Utah Division of State History’s Cory Jensen is on a similar boat. “No one has contacted us about nominating the property to the National Register of Historic Places,” Jensen, who handles nominations statewide, tells City Weekly in an email. “However, from what I understand, it could be eligible if no major non-historic changes have been made to the buildings or landscape—but that would need to be determined.”
Dr. George A. Allen acquired the expanse that would become his namesake park in 1931. Credited with conceiving the Salt Lake Zoological Society, Dr. Allen kept zoo animals on his property, giving free reign to an elephant, chimp and reindeer, which presumably lived peacefully alongside Allen family pets that included a raccoon, a coyote and a sandhill crane named Sandy. The physician also carted old homes into the hamlet. Over the coming decades, he had historic homes, one of which was a log cabin built in Holladay in the 1850s, transported across town and placed in the park, creating several duplexes he named after his kids. A shroud of secrecy soon enveloped the community, and no formal historical designation steps were ever started, though tenants did move into the properties and make them their homes.
Allen Park’s last remaining eight residents were required to leave their apartments Monday. Now, the estate’s fate lies with the probate court, which will sort out what the surviving Allen descendants will inherit given that Ruth and Amy Allen Price have died.

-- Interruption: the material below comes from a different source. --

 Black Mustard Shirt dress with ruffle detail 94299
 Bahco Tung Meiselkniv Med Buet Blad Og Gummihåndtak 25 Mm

David Hampshire, who wrote a cover story about his 12 years as a Hobbitville resident in last week’s issue, remains “terrified” his old stomping grounds will likely be gutted to profit. It’s a wonderful community, he says, a paradise so shaded by massive trees that residents don’t need air conditioning in the summer. A place of wonderment and a callback to a simpler past where neighbors knew one another and took care of community fixtures, like the peacocks that roamed throughout the grounds. “I hope that whoever acquires the property will keep some of the amenities in here,” Hampshire muses. “It really is a little town of its own within the city.”
Fearing the property will soon morph into its ticky-tacky Sugar House surroundings, Amott says his preservation group will keep an ear to the ground and try to identify parties that might be interested in sharing Allen Park’s history with future Salt Lake City residents. “We are looking for partners in the community to find a way to preserve Allen Park, [or] at least key elements of that property, for future generations of Salt Lake City resident to enjoy,” he says. “Whatever party does take it on, we’d love to work with [them] and find a way to, as much as possible, preserve the vision of Dr. Allen when he made this unique site.”
Amott suggests private developers could apply for tax credits after electing to place the buildings on the National Register. Of course, the duplexes are old and would need to be renovated, as would parts of the overgrown landscape, commitments Amott says were difficult to secure when Preservation Utah contacted Amy more than a decade ago. If a developer were willing to rehab the currently standing buildings and rent them out, they could also receive substantial tax credits from state and federal entities.
“We’re excited to identify partners in preservation for this unique site, and we’re going to be watching it closely and following it as the site’s future reveals itself through effort and time,” Amott says.